◆ Available data ◆
----
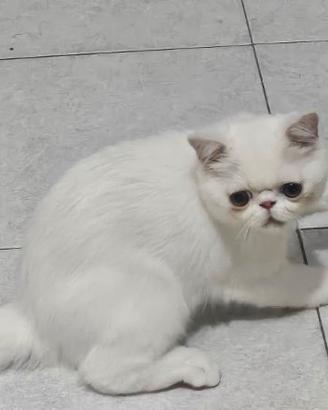 EXOTIC SHORTHAIR CUCCIOLI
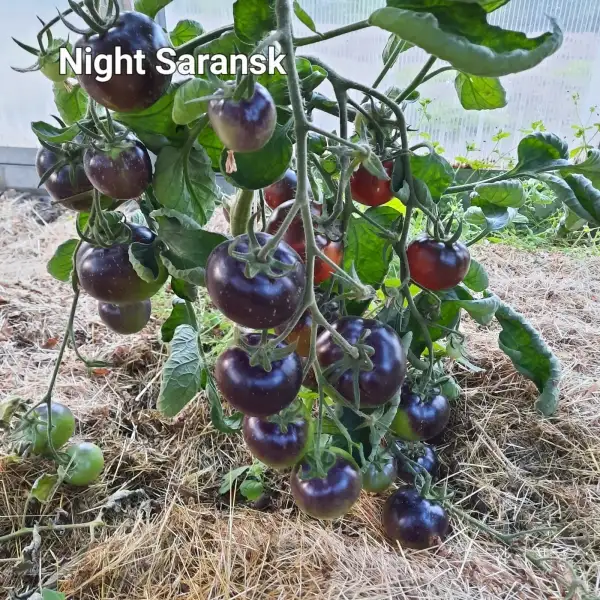 Tomaten: Night Saransk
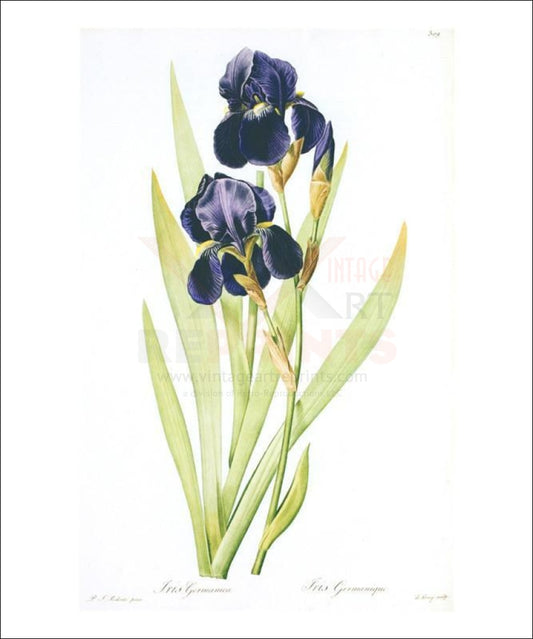 Redoute Iris Germanica - Vintage Art, canvas prints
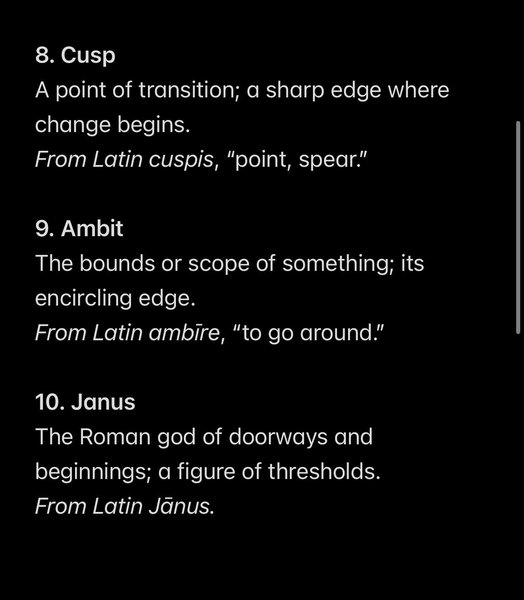 Thumbnail of noam-leon-kaestner-noamleon-1f071c7b53b84c32 2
----
◆ About this exercise ◆
Give the data again exactly, image-free.

◆ Solution ◆
 EXOTIC SHORTHAIR CUCCIOLI
 Tomaten: Night Saransk
 Redoute Iris Germanica - Vintage Art, canvas prints
 Thumbnail of noam-leon-kaestner-noamleon-1f071c7b53b84c32 2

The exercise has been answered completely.